## What you are asked to do
Set down, exactly as written, every line from the top of the records below to the line containing "2006 Nissan Altima S", both ends included, and no others.

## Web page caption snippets
***

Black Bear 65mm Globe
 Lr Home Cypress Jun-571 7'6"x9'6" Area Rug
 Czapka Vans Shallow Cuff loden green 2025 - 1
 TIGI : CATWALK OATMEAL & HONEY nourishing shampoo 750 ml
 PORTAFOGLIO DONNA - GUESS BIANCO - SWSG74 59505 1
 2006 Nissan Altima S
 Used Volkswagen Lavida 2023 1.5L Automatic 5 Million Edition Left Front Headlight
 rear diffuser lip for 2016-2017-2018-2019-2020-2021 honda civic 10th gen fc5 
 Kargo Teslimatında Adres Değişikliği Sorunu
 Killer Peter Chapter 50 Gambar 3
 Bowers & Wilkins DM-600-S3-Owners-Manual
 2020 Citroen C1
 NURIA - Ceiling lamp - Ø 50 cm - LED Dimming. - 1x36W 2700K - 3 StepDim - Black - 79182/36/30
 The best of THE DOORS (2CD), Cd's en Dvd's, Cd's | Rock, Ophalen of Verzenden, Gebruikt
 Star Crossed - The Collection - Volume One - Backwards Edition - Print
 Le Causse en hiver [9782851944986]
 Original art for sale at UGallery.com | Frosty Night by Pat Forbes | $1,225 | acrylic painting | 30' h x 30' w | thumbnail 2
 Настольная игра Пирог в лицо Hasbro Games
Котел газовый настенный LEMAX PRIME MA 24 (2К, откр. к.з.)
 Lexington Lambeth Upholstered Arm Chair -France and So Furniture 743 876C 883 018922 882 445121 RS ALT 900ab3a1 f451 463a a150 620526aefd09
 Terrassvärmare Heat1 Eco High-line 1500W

***

## Answer to the problem
Black Bear 65mm Globe
 Lr Home Cypress Jun-571 7'6"x9'6" Area Rug
 Czapka Vans Shallow Cuff loden green 2025 - 1
 TIGI : CATWALK OATMEAL & HONEY nourishing shampoo 750 ml
 PORTAFOGLIO DONNA - GUESS BIANCO - SWSG74 59505 1
 2006 Nissan Altima S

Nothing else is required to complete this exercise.